Methodology for implementation

In any Trie, note that the root itself refers to no character, its blank. However, successive child nodes all refer to a single character in the alphabet.

In any data structure, we first create the Node. In this case, we’ll call it TrieNode. Its characteristics are ideally that it has an array of type TrieNode, of size 26 (all the letters of the alphabet) where each index refers to a character. It also has a boolean that determines if a node completes a full word or not. Here’s a simple implementation in Java.

public class TrieNode {
    public static final int ALPHABET_SIZE = 26;
    TrieNode[] children = new TrieNode[ALPHABET_SIZE];
    boolean endOfWord;
    TrieNode(){
        endOfWord = false;
        for(int i = 0; i < ALPHABET_SIZE; i++){
            children[i] = null;
        }
    }
}
Each node in the Trie contains an array where each index maps to a specific ASCII character, and also indicates whether or not the node completes a full word.
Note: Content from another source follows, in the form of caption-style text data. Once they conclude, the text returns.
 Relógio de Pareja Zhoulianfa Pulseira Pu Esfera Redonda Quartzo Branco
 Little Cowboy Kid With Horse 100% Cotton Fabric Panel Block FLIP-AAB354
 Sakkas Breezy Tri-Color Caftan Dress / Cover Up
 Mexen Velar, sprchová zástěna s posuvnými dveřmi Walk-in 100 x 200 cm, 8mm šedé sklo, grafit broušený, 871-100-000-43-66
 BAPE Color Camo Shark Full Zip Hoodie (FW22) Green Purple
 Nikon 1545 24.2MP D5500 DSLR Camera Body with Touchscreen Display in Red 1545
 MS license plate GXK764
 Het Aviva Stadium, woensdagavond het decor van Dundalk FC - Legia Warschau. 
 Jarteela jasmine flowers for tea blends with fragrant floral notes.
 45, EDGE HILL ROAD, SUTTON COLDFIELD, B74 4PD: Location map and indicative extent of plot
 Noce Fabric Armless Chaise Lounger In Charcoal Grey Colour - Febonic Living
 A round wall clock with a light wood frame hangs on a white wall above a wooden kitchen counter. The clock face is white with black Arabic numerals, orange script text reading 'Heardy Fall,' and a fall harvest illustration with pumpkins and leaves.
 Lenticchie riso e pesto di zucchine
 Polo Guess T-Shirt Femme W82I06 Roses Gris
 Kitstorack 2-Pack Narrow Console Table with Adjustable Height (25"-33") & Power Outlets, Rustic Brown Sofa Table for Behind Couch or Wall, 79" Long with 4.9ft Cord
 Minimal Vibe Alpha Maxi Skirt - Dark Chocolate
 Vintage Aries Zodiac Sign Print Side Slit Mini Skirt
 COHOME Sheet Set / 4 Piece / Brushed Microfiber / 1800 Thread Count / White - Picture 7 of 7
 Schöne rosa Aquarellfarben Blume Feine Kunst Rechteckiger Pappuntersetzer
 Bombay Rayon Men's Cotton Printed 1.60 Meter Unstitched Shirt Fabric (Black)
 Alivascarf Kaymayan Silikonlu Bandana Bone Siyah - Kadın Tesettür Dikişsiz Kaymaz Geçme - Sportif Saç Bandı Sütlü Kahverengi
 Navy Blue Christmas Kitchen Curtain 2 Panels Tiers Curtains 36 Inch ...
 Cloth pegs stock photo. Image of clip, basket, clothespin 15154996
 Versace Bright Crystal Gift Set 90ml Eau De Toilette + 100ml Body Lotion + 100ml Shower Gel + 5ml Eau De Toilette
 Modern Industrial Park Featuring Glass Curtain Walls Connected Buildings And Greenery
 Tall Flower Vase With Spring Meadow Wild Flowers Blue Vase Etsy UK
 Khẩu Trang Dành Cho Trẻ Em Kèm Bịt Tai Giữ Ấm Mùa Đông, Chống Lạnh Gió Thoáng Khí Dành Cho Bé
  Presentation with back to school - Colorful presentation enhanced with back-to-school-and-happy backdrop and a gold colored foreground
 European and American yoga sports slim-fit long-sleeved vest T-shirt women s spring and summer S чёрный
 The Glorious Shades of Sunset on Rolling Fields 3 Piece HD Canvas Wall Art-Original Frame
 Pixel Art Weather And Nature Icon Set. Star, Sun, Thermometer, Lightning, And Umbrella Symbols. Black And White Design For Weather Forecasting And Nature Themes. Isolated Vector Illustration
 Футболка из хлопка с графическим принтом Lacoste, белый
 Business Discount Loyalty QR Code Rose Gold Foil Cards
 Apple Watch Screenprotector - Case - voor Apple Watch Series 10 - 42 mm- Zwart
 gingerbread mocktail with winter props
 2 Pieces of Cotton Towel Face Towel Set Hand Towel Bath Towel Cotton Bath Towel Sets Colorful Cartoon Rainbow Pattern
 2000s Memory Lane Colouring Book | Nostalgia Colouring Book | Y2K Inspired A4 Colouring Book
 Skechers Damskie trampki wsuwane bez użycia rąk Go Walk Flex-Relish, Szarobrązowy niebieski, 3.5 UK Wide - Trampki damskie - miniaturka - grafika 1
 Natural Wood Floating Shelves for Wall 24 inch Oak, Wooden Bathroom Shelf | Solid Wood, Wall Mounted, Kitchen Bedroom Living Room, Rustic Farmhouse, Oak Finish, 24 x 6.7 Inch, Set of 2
Now we get to the full Trie implementation. I’ll only cover insertion, searching, and display (traversal). I’ll list each algorithm step by step.

Insertion:

  1. Pass in a string as input to insert into the trie
  2. Create a TrieNode pointer to the root, so that we can traverse the trie
  3. Traverse the entire string:
    1. Get the ASCII index by getting the character at the i-th index, and then shift the ASCII value so that we get only values 0-25
    2. If our current pointer finds that the child node at the ASCII index is null, we create a new TrieNode at that index
    3. Otherwise, and in any case, update the current TrieNode pointer to the newly added TrieNode
  4. Since we’ve finished traversing the entire string, we set the current TrieNode pointer to be the end of a completed word (boolean value).

Searching:

  1. Pass in a string as input to search in the trie
  2. Create a TrieNode pointer to the root, so that we can traverse the trie
  3. Traverse the entire string:
    1. Get the ASCII index by getting the character at the i-th index, and then shift the ASCII value so that we get only values 0-25
    2. If our current pointer finds the child node at the ASCII index to be null, we return false
    3. Otherwise, update the current TrieNode pointer
  4. We finish traversing the entire string, we return true if our current TrieNode pointer is not null, AND our current pointer is looking at the end of a word.

Display (Trie traversal):

Trie traversal means performing recursive calls to each successive child nodes, in other words, performing a depth first traversal. For this example, its best to keep the recursion private (a helper method) and the actual function call public.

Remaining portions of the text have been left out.